■ **Supplied data**

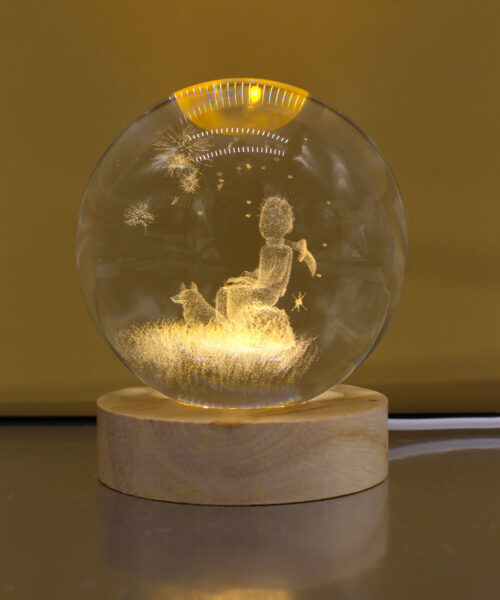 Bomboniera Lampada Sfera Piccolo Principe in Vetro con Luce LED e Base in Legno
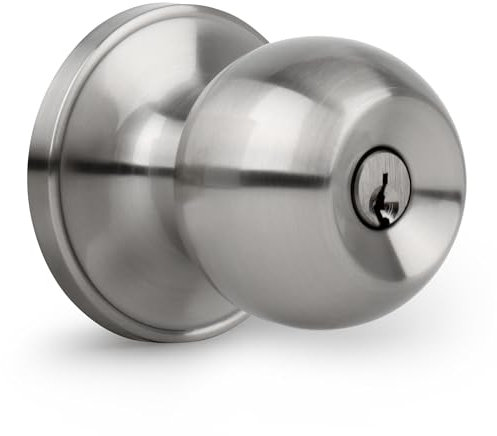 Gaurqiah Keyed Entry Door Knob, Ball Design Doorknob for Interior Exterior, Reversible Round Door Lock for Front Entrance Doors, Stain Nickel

* * *

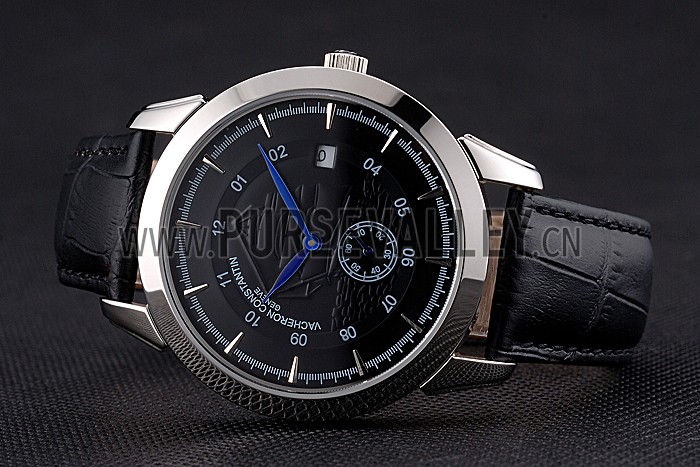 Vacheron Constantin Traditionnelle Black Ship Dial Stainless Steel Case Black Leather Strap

■ **What the task asks**
Take the material above from the line bearing "Bomboniera Lampada Sfera" through the line bearing "Gaurqiah Keyed Entry" and write it out exactly, both end lines included. Pictures stay out.

■ **The answer**
 Bomboniera Lampada Sfera Piccolo Principe in Vetro con Luce LED e Base in Legno
 Gaurqiah Keyed Entry Door Knob, Ball Design Doorknob for Interior Exterior, Reversible Round Door Lock for Front Entrance Doors, Stain Nickel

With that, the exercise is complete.